BAV Davası’nda Bozma Gerekçeleri (5)
ucgen

BAV Davası’nda Bozma Gerekçeleri (5)

39035

 

 

Kamuoyunda Bilim Araştırma Vakfı Davası olarak bilinen dava hakkında Yerel Mahkeme tarafından karar verilmiş bulunup, dosya şu an itibariyle temyiz incelemesi amacıyla Yargıtay 8. Ceza Dairesi’nin huzurunda bulunmaktadır. Dosyada yer alan çok sayıdaki bozma gerekçelerinden 3 tanesi şunlardır:

 

 

İSTİFA EDEN SAVUNMA AVUKATLARININ YERİNE MÜDAFİ TAYİN ETME HAKKI TANINMAMASI BOZMA NEDENİDİR
 

 

 

CMK.nun 150/1. maddesi, “Şüpheli veya sanıktan kendisine bir müdafi seçmesi istenir. Şüpheli veya sanık, müdafi seçebilecek durumda olmadığını beyan ederse, istemi halinde bir müdafi görevlendirilir” hükmünü içermektedir.
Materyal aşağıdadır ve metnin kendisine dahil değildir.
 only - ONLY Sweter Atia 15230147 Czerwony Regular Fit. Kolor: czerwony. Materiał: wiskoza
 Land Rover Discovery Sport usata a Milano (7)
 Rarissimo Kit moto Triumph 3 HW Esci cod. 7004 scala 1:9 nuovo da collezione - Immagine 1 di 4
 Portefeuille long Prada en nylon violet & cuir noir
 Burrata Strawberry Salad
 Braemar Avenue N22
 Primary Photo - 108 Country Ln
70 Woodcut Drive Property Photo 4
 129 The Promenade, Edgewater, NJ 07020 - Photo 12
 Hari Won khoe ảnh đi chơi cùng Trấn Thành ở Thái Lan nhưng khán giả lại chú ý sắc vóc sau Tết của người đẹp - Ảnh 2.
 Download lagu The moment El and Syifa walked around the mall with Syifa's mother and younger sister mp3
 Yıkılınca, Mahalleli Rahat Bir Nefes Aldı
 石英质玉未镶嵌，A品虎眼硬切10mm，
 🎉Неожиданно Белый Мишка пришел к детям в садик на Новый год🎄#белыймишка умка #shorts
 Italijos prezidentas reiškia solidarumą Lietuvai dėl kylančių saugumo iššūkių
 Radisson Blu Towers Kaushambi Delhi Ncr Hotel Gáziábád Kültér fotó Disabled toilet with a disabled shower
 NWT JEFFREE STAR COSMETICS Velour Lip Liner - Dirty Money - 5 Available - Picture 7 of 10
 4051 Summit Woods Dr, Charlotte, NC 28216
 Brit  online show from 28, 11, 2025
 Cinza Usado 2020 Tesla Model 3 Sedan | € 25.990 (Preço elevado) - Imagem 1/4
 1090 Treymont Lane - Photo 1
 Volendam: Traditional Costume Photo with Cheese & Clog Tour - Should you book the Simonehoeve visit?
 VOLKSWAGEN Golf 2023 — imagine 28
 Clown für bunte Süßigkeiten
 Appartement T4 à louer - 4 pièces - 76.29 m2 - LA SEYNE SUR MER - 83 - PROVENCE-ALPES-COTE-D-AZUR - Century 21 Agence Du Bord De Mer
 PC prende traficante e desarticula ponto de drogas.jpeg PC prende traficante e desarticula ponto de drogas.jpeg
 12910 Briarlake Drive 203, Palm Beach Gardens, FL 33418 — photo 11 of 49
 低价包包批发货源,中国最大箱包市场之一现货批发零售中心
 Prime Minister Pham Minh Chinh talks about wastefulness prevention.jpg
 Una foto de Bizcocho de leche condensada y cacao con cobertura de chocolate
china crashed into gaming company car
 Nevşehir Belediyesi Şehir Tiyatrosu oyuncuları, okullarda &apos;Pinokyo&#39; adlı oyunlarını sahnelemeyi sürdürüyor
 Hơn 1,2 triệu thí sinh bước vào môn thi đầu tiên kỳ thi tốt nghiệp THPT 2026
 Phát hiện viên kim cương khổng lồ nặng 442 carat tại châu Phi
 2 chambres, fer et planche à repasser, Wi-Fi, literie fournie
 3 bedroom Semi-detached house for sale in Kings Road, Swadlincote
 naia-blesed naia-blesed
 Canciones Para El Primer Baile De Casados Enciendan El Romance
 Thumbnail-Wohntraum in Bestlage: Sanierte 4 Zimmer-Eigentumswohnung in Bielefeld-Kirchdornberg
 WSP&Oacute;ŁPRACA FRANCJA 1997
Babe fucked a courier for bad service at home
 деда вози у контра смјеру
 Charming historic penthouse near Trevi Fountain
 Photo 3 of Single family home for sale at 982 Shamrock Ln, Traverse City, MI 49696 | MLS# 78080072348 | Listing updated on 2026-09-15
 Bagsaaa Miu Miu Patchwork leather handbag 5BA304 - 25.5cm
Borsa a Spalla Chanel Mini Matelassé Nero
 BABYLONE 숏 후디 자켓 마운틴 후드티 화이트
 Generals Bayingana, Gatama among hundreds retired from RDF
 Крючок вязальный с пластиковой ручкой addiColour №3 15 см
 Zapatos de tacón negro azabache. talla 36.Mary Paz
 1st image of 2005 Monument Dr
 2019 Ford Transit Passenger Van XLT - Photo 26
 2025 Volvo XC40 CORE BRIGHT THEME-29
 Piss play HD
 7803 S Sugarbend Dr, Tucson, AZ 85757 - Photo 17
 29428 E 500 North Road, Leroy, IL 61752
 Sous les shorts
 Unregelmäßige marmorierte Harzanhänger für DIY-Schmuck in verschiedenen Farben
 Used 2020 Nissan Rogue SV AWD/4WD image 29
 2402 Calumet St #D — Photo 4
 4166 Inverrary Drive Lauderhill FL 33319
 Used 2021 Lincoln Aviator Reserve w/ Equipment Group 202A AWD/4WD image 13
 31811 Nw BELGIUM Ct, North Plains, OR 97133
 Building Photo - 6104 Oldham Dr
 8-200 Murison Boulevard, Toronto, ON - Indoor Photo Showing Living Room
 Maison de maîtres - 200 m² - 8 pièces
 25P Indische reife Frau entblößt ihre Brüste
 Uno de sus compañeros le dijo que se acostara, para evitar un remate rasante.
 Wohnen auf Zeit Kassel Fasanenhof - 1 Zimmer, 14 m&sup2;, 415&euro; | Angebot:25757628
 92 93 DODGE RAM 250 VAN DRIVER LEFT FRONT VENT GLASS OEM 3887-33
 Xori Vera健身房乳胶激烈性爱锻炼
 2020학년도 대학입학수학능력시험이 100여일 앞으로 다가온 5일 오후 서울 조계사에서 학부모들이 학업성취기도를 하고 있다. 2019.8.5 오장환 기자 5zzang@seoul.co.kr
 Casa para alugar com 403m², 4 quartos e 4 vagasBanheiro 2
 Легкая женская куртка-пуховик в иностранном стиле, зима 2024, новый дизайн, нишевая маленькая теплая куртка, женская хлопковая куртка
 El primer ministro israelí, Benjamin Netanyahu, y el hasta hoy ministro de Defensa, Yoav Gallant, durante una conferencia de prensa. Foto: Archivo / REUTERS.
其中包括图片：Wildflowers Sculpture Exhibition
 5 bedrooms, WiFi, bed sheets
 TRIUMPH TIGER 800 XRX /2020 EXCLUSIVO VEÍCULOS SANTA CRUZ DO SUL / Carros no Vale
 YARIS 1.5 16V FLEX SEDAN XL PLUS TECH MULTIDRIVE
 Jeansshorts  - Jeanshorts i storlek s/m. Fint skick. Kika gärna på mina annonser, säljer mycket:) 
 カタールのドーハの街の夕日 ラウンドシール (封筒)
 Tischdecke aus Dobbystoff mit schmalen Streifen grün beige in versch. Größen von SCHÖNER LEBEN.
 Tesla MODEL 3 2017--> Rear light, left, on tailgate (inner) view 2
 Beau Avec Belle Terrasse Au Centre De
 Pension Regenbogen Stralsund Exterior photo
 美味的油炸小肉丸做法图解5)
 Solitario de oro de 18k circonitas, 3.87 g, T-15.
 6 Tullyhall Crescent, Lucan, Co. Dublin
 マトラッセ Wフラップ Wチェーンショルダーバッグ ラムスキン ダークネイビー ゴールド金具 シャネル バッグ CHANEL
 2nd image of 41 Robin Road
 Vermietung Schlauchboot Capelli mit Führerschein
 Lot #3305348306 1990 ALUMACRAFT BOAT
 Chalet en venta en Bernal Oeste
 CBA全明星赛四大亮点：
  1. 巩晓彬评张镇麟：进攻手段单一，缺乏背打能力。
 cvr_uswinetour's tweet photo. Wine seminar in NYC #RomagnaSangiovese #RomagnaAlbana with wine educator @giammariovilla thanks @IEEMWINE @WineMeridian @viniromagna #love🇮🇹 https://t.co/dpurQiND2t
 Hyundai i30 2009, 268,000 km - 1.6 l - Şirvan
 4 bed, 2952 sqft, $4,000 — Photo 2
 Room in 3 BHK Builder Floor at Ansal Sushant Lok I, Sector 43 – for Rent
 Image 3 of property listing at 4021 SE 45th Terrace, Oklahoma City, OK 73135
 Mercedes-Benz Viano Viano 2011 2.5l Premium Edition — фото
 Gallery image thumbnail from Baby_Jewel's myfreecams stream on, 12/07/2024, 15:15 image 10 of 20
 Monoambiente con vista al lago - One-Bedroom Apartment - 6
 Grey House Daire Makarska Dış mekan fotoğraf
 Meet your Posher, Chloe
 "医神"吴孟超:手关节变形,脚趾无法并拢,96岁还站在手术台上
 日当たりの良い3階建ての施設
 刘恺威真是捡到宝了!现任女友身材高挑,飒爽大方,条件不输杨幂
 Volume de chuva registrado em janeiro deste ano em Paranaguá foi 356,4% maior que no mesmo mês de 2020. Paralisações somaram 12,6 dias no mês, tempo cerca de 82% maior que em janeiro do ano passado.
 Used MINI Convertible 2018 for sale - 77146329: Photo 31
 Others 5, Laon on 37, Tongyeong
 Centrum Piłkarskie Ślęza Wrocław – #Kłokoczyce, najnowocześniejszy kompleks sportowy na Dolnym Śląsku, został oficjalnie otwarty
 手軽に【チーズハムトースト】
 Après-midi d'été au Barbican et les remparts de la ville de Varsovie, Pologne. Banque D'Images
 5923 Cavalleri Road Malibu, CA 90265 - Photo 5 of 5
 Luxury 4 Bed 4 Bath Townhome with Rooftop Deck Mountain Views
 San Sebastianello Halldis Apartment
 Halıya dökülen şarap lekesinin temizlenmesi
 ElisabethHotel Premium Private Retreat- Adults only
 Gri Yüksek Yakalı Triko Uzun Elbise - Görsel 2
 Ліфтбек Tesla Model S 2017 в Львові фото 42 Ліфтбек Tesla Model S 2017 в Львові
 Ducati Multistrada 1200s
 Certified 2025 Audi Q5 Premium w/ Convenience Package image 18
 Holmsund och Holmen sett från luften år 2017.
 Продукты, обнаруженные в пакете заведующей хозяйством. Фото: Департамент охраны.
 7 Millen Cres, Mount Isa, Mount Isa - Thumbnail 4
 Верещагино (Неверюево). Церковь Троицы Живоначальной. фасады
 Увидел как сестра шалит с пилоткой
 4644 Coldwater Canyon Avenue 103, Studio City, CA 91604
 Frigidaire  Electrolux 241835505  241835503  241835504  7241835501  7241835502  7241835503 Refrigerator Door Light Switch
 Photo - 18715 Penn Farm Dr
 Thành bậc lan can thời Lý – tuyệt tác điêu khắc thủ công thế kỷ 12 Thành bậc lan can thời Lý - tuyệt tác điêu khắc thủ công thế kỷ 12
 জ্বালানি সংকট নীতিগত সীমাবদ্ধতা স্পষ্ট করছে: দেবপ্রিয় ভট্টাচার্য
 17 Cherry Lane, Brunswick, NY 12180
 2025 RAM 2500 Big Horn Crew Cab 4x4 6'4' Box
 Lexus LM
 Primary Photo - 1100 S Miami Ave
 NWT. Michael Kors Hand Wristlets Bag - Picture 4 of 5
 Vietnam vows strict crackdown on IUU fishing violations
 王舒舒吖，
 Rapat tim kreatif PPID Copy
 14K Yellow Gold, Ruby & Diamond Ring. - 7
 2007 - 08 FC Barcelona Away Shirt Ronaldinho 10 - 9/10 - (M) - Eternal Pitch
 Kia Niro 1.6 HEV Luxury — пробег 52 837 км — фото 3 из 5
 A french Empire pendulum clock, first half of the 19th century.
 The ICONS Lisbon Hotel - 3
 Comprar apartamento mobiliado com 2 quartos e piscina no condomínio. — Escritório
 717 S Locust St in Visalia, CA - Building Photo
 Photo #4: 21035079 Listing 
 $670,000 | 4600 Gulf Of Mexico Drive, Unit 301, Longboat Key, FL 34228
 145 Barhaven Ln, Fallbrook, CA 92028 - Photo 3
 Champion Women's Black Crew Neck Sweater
Avrupa İnsan Hakları Sözleşmesi’nin 6. maddesinin (3c) fıkrası da her sanığın avukat yardımından yararlanma hakkı olduğunu öngörmektedir.

BAV Davası’nda, Yerel Mahkemenin sanıklara savunma hakkı vermemesi nedeniyle 09.05.2008 tarihli duruşmada savunma avukatlarının tamamı istifa etmiştir. Bunun üzerine duruşmada hazır bulunan sanıklar avukatsız kaldıklarını bildirip mahkemeden avukat talep etmişlerdir.

Böyle bir durumda, yasalarımız gereği, Yerel Mahkemenin duruşmayı kesip sanıklara avukat tutmaları için imkan tanıması veya sanıklara barodan avukat görevlendirmesi gerekirken, bunların hiçbirini yapmamıştır.

Yasanın emredici hükümlerine ve sanıkların bu hükümlere dayanan açık taleplerine rağmen, Yerel Mahkemenin sanıklara avukat tutma imkanı tanımaması ve davayı avukat olmaksızın sürdürüp tamamlaması mutlak BOZMA SEBEBİDİR.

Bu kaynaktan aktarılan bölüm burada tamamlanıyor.